Another multicenter study with a large series of patients with paired liver biopsy results at baseline and at week 72 demonstrated that the regression of fibrosis and the improvement of inflammation were obtained in 51.2% and 74.4% of cases, respectively, and a liver stiffness decrease of ≥ 30% was associated with regression of fibrosis, significant histological response, and ALT normalization.


Clinical outcomes


Elastography has been proposed as a tool to predict the risk of death or complications in patients with chronic liver disease. LSM by VCTE combined with platelet count is a validated noninvasive method for varices screening, with very good results in terms of invasive procedures being spared. ARFI-based techniques also show promising results in this setting. This topic is presented in detail in Chapter 8 .


In patients with cACLD, the risk of liver decompensation increases with increasing LSM. A study that followed patients up to 4 years found that there were no events in the population with an LSM by VCTE < 21 kPa. An LSM of more than 35 kPa was associated with a decompensation risk of 39% at 4 years. For each unit increase in the LSM above 20 kPa, the risk of liver-related outcome increased by 6% after adjusting for age, sex, the model for end stage liver disease (MELD) score, cohort source, and etiology of liver disease.


A metaanalysis that included studies performed with VCTE or magnetic resonance elastography (MRE) found that each kilopascal unit increase in LSM was associated with a 7% higher risk of developing decompensated cirrhosis and with an 11% higher risk of HCC. In another metaanalysis, for each unit increment of liver stiffness by VCTE, the summary relative risk was 1.06 for all-cause mortality and liver-related events (i.e., hepatic decompensation, HCC, and/or liver-related mortality).

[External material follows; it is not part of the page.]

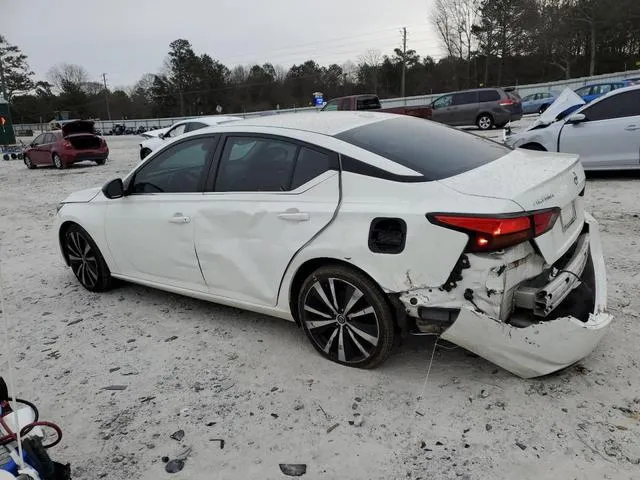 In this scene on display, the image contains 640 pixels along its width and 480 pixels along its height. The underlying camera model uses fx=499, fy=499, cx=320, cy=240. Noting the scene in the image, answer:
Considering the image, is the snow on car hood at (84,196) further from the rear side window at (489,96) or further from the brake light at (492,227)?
the rear side window at (489,96)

Using VCTE, a study in a small cohort of patients with cACLD as defined by an LSM ≥ 10 kPa reported that a combination of baseline LSM and its change over time was more useful in predicting the risk of presenting the endpoint (composite outcome that included death, liver decompensation, and impairment of at least one point in the Child-Pugh score) than either of the two parameters alone. In addition, patients with baseline LSM ≥ 21 kPa and an increase in delta-LSM ≥ 10% had a twofold risk of presenting the endpoint as compared with those with baseline LSM ≥ 21 kPa and delta-LSM < 10%. Of note, patients with LSM < 21 kPa and delta-LSM < 10% had zero risk of presenting the endpoint over a period of 43.6 months.

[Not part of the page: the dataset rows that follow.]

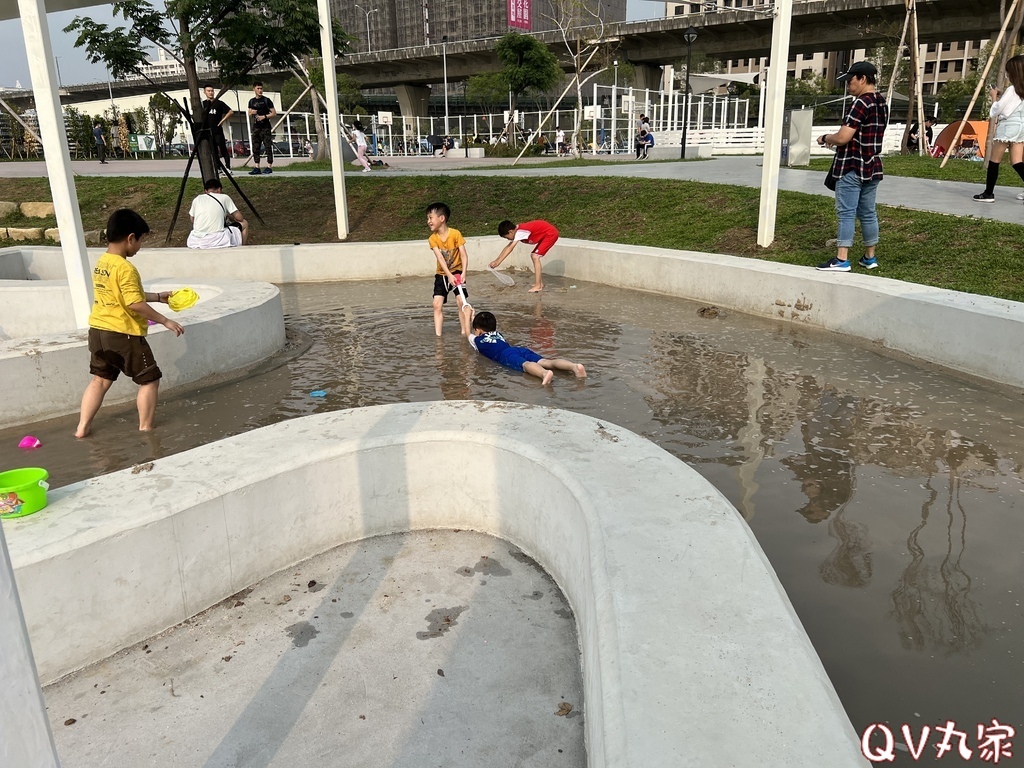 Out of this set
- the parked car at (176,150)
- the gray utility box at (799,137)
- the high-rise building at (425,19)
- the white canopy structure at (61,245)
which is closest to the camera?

A study in a large series of U.S. veterans who initiated HCV treatment and had at least one liver stiffness before (n = 492) or after (n = 877) HCV therapy reported that posttreatment liver stiffness > 20 kPa by VCTE, but not pretreatment liver stiffness, was independently associated with the development of decompensated cirrhosis and the composite outcome of death, liver transplant, decompensated cirrhosis, or HCC.


A recent multicenter study has investigated the value of LSM to predict clinical outcomes in patients with ACLD due to several etiologies. , The patients were followed for a median period of 33.1 months. The best performance was obtained by combining the MELD score and LSMs. A MELD score of 10 points and an LSM of 20 kPa by 2D-SWE were the optimal cutoffs for stratifying the 2-year risk of mortality, and the authors named this algorithm M10LS20. By using the M10LS20 algorithm, the patients were stratified in three different risk groups: good prognosis (patients with both MELD score and LSM below the cutoffs), intermediate prognosis (patients with one parameter above and the other one below the cutoff), and poor prognosis (patients with both parameters above the cutoffs). The three groups had significantly different survival rates both at short-term (90 days) and long-term follow-up (2 years) and different risk of decompensation or further decompensation. The M10LS20 algorithm was tested also using LSMs obtained with pSWE and VCTE and showed a similar performance.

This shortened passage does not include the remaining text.